At the Galveston meeting a set of presentations tried to answer the questions: What have we learned in the first six years at the Relativistic Heavy Ion Collider? What is the fundamental science at RHIC (heavy ion and spin) in the next decade? What is required to make this science a reality?

The field of relativistic heavy ions aims to first create nuclear matter at energy densities only seen in the very early universe and at the core of stars, and then study its properties in detail. We have succeeded in creating such matter in the laboratory at RHIC, and find that at these very large energy densities the matter equilibrates very rapidity (< 1 fm/c), flows as a nearly perfect liquid (small viscosity), has large color fields, collective excitations, and final hadron distributions that reflect the underlying quark structure. These discoveries together were named the American Institute of Physics (AIP) story of the year in 2005.
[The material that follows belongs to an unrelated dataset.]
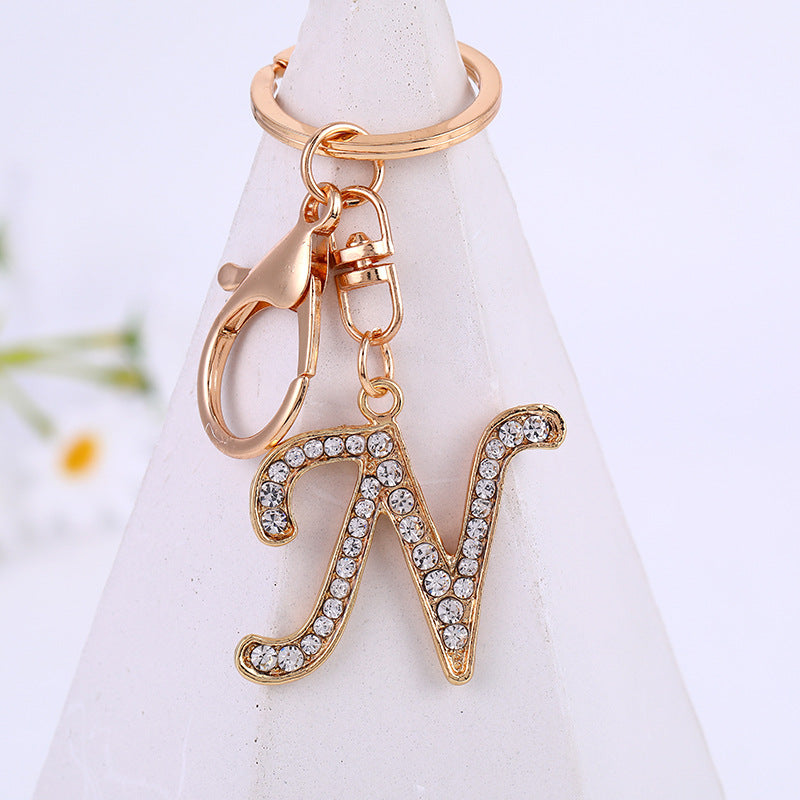 Wholesale Rhinestone Letter Metal Keychain ACC-KC-YuanFei004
Shown are icons of the RHIC program. In the upper panels are schematics of two colliding nuclei and the excited medium created. The lower left panel shows the internal structure of the proton spin being studied. The lower right panel is of a traditional liquid, which amazingly the hot nuclear matter created at RHIC shares characteristics with.

These discoveries have peaked the scientific community's interest, and there is strong desire to understand how these properties come about. For example, there are predictions of a lower bound for viscosity of any material, interestingly first calculated using string theory. The future RHIC program can measure the flow of heavy quarks (charm and beauty) with precision to determine if this nuclear matter is the most perfect liquid in nature. Theoretical developments on viscous hydrodynamics are also needed to complete this picture. Additionally, this liquid may respond (like ripples in water) to high energy partons and high statistics measurements will be able to confirm or refute this. If we run RHIC at lower energies, recent calculations predict a phase diagram critical point that may be observed with upgrades detectors. These are just some of the excited measurements of a future RHIC program.

Phase diagram of nuclear matter indicating a possible critical point at finite baryon density. Mapping out these different phase regions for nuclear matter is part of the exciting future program at RHIC.

Additionally there is a world wide effort to understand the dynamics of quarks and gluons inside the proton - in particular how they account for the spin of the proton. The RHIC spin program has started to constrain the gluon contribution and the future program includes mapping out this contribution as a function of the momentum fraction of the proton (x), sea-quark contributions, and an exciting program in transverse spin physics.

In order to make this science a reality over the next decade, important detector upgrades to the PHENIX and STAR detectors, a ten-fold increase in Relativistic Heavy Ion Collider collision rate (termed RHIC II), and a focused advancement in theoretical efforts are needed. There are fascinating scientific questions that can be directly answered with RHIC II and an excited young community eager to pursue the science.

Shown are the available collisions energies and projected integrated luminosities for one nominal year run at a given energy with RHIC II upgrades and the upcoming Large Hadron Collider (LHC) heavy ion program.

In a world of limited budgets and many scientifically compelling ideas, difficult choices are required. Coming out of the Galveston meeting, the RHIC II science program emerged as a recommended priority, but continued hard work is needed to make it happen. There is much more still to be discovered and a deeper understanding to be gained.